### [DATA FOR THIS TASK]
=== Begin Enclosure ===

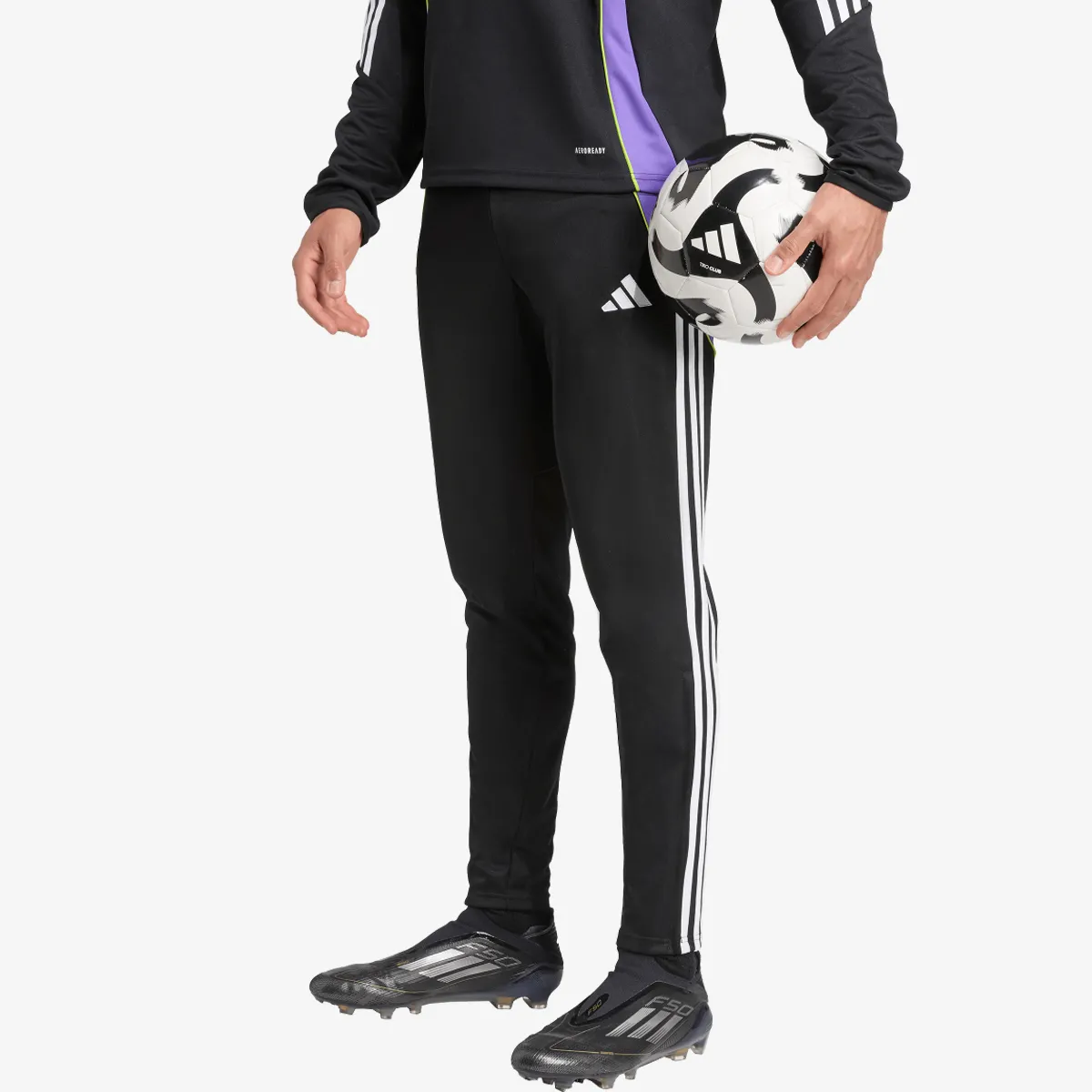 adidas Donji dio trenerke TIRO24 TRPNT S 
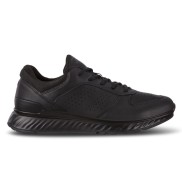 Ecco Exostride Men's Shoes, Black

=== End Enclosure ===
=== Begin Enclosure ===

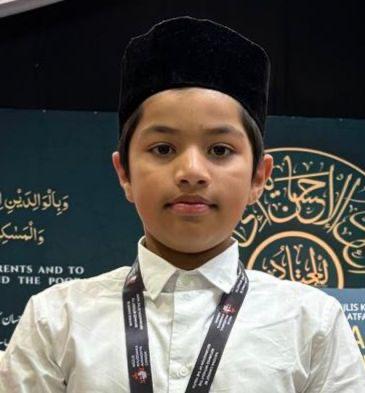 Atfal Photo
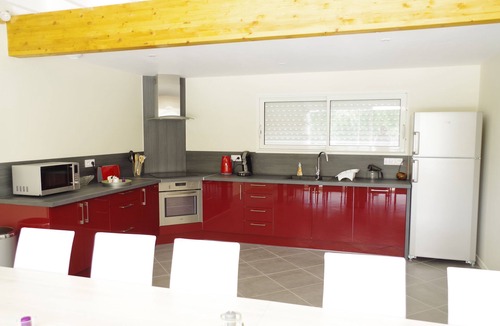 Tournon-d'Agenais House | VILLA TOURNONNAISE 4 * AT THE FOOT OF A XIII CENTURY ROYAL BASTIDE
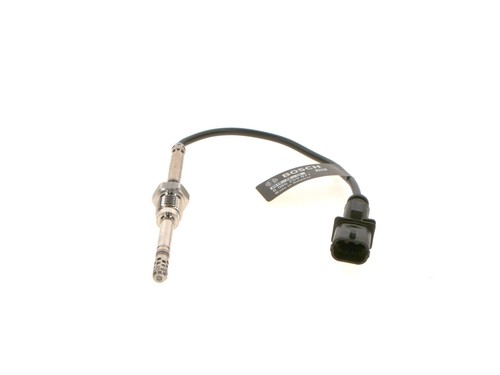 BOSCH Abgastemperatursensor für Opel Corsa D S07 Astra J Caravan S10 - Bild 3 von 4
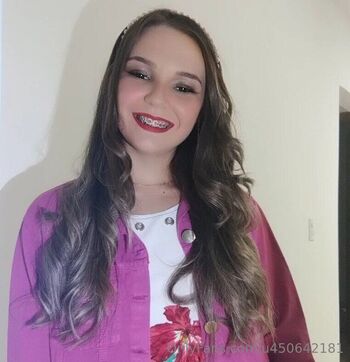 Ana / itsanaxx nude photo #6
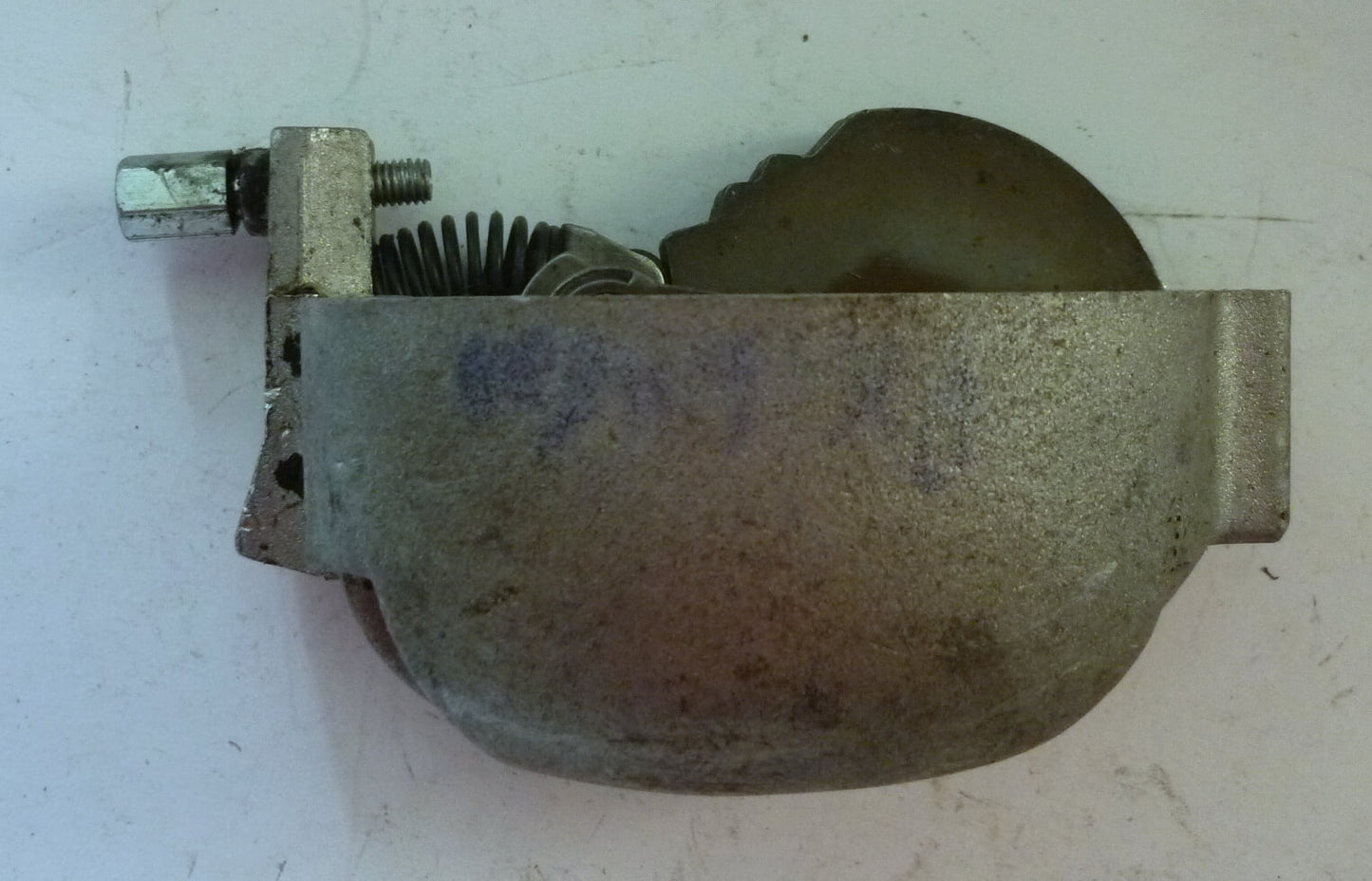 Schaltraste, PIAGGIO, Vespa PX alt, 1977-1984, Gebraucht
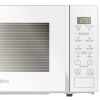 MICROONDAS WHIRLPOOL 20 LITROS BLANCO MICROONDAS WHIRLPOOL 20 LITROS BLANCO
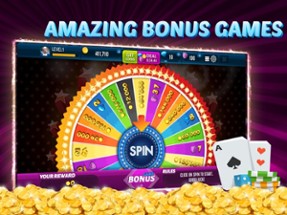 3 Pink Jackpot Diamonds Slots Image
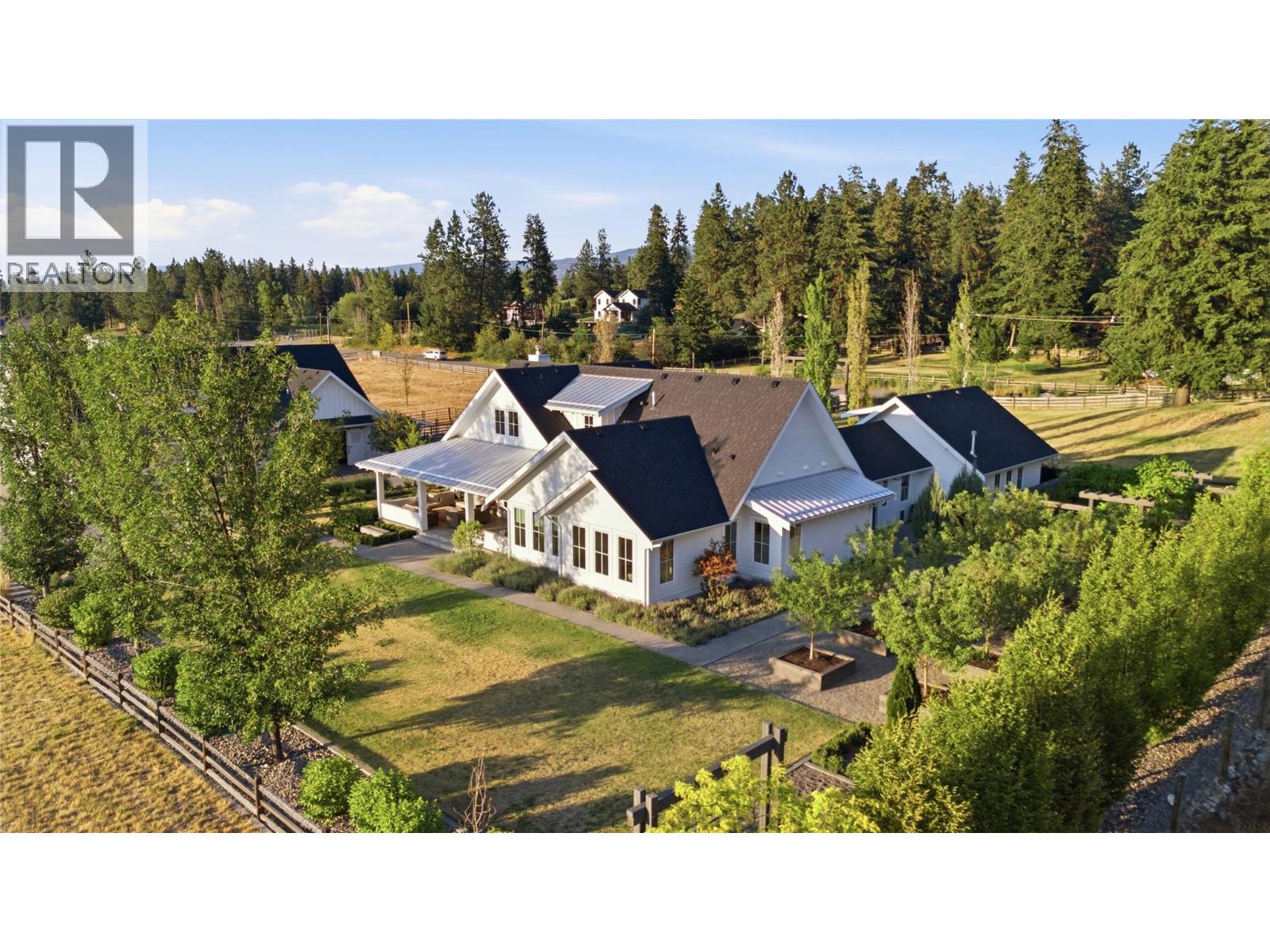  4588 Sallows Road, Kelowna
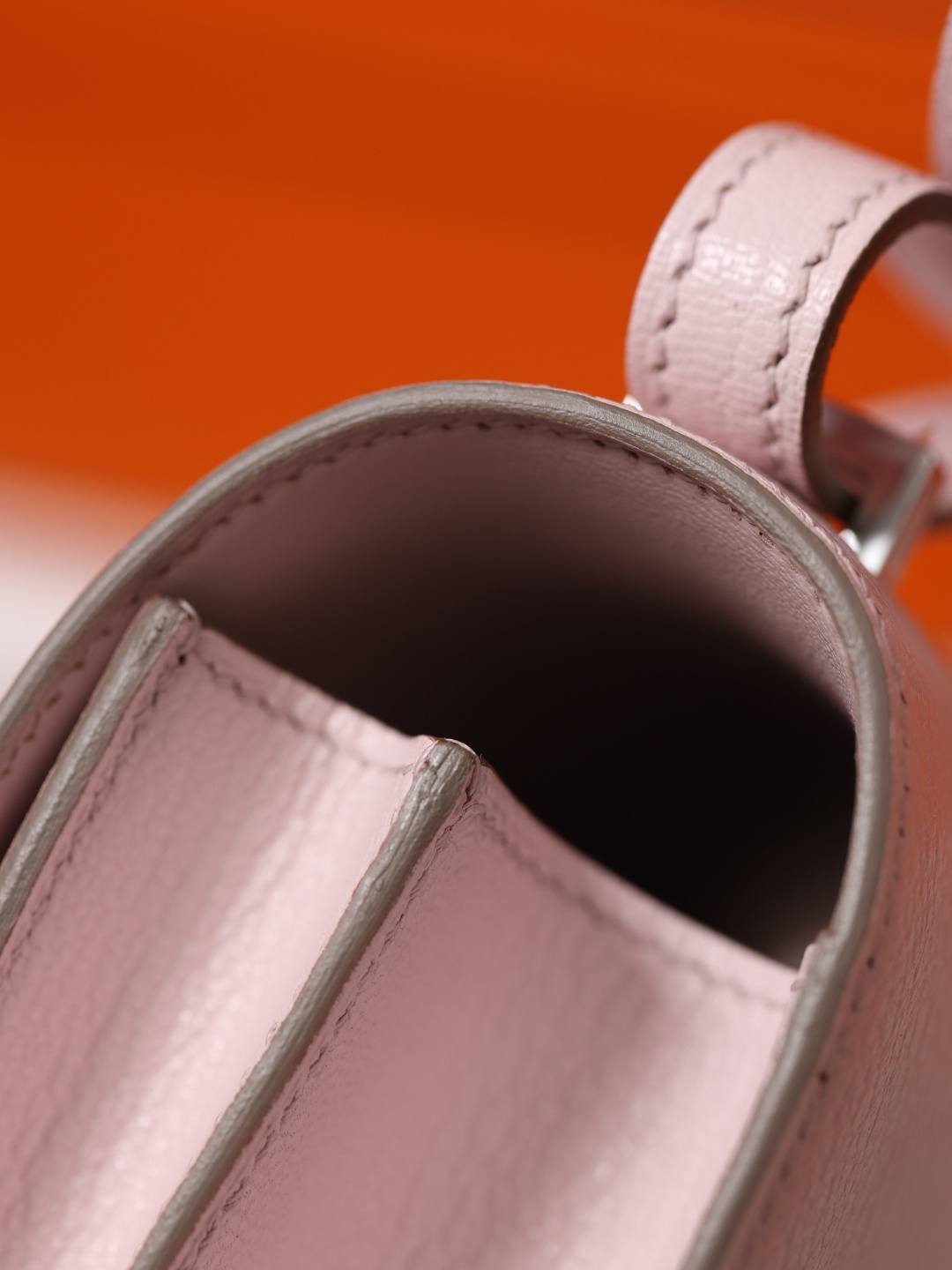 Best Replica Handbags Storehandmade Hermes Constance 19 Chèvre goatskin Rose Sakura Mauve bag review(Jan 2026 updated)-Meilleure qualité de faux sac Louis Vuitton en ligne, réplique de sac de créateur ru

=== End Enclosure ===

Using the records above, return verbatim only the part that opens with the line containing "BOSCH Abgastemperatursensor für" and closes with the line containing "Best Replica Handbags"; pictures stay out.

### [ANSWER SECTION]
 BOSCH Abgastemperatursensor für Opel Corsa D S07 Astra J Caravan S10 - Bild 3 von 4
 Ana / itsanaxx nude photo #6
 Schaltraste, PIAGGIO, Vespa PX alt, 1977-1984, Gebraucht
 MICROONDAS WHIRLPOOL 20 LITROS BLANCO MICROONDAS WHIRLPOOL 20 LITROS BLANCO
 3 Pink Jackpot Diamonds Slots Image
  4588 Sallows Road, Kelowna
 Best Replica Handbags Storehandmade Hermes Constance 19 Chèvre goatskin Rose Sakura Mauve bag review(Jan 2026 updated)-Meilleure qualité de faux sac Louis Vuitton en ligne, réplique de sac de créateur ru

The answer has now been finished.